## TASK STATEMENT
Drop all pictures and repeat exactly the lines from the line holding "Asno para o" through the end of the records.

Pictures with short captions
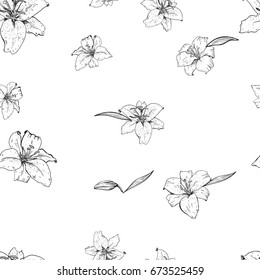 Lily flowers hand drawn in contour. Seamless pattern. Vector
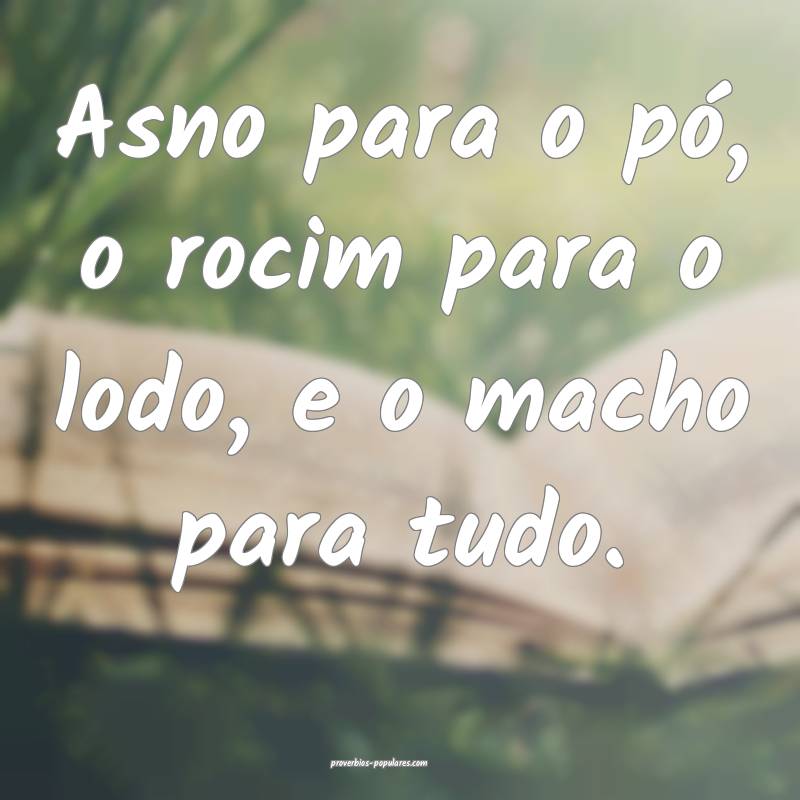Asno para o pó, o rocim para o lodo, e o macho para tudo.
...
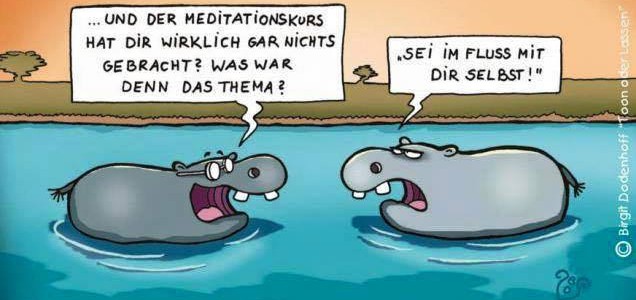 12020002_1068049273228351_7773532079938727248_n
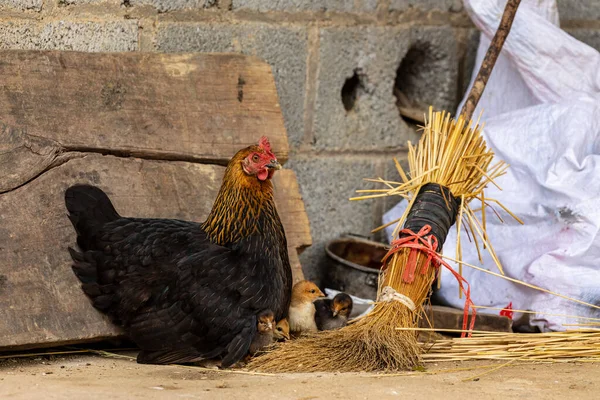 Hen Chickens — Stock Photo, Image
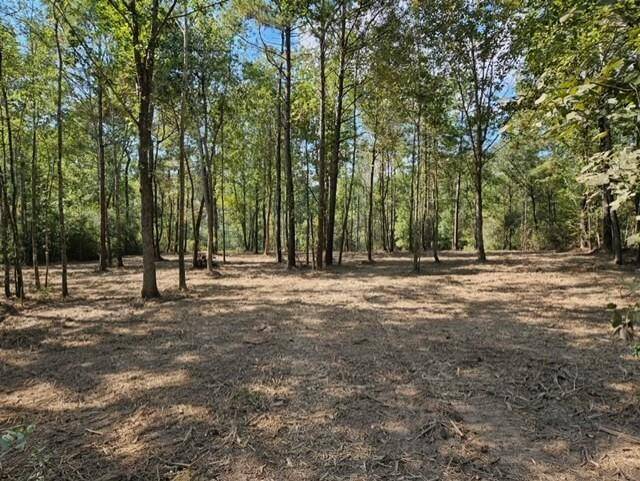 The underbrush has been cleared, so come out and walk this beautiful lot.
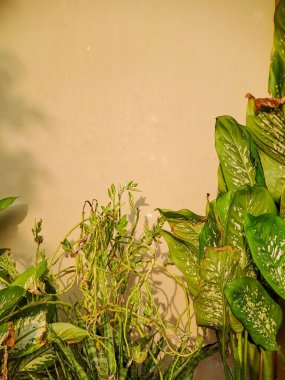 yeşil yapraklar sıcak bej bir duvara gölge düşürüyor.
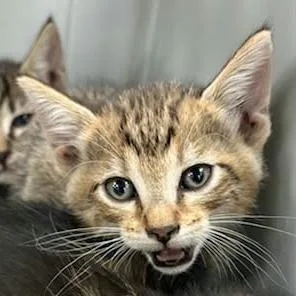 A baby small-sized female Domestic Short Hair cat named Missy for adoption in Bastrop, TX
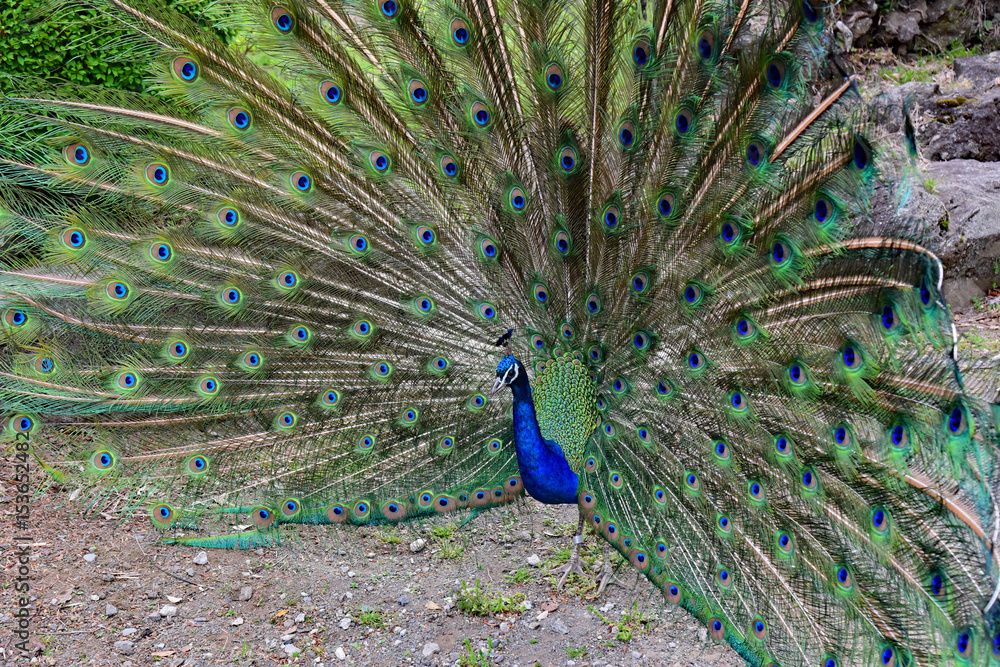 Obraz premium インドクジャク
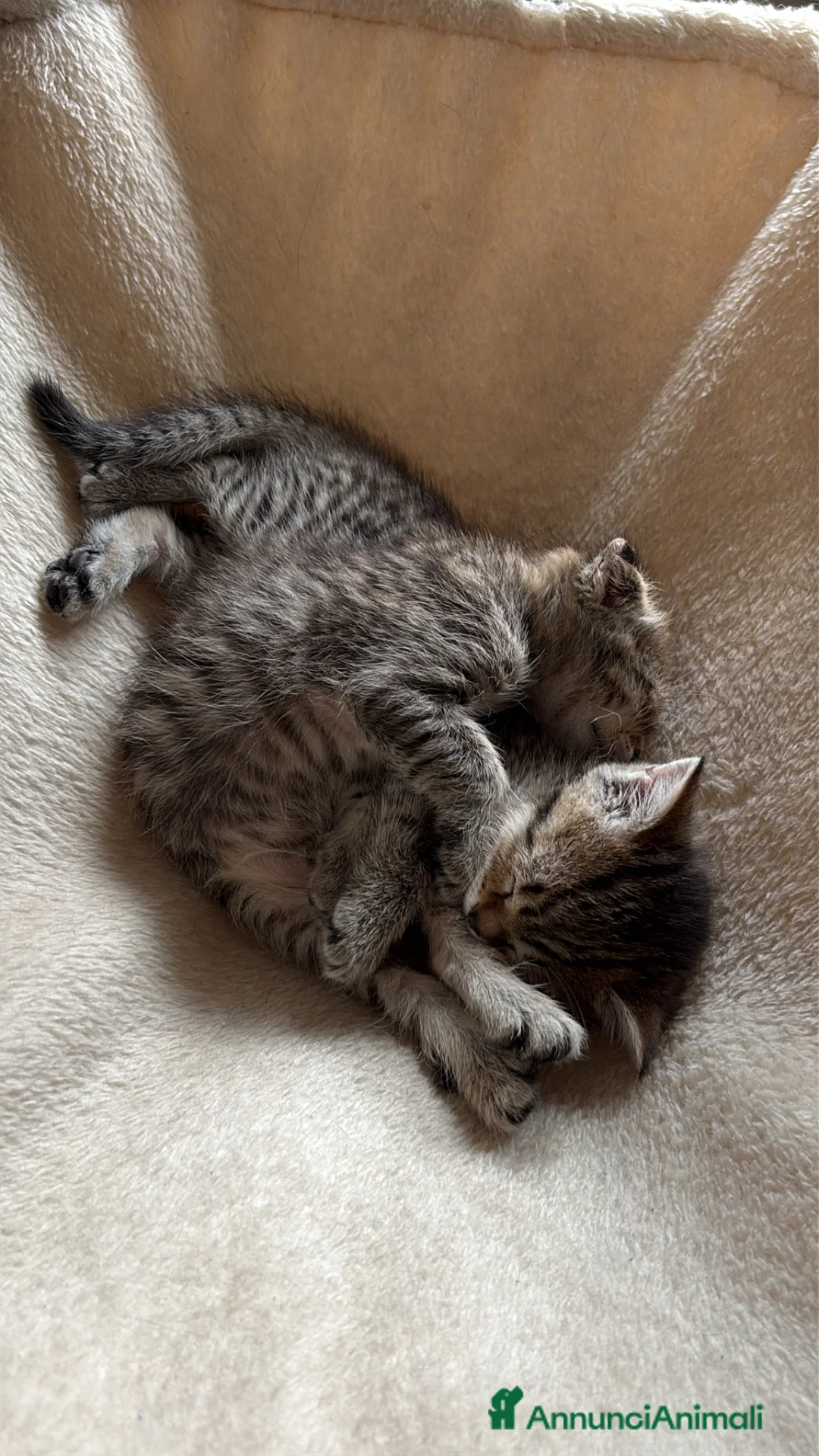 Scottish gatti in vendita: Scottish a Provincia di Bergamo - Annuncio 2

## TASK ANSWER
Asno para o pó, o rocim para o lodo, e o macho para tudo.
...
 12020002_1068049273228351_7773532079938727248_n
 Hen Chickens — Stock Photo, Image
 The underbrush has been cleared, so come out and walk this beautiful lot.
 yeşil yapraklar sıcak bej bir duvara gölge düşürüyor.
 A baby small-sized female Domestic Short Hair cat named Missy for adoption in Bastrop, TX
 Obraz premium インドクジャク
 Scottish gatti in vendita: Scottish a Provincia di Bergamo - Annuncio 2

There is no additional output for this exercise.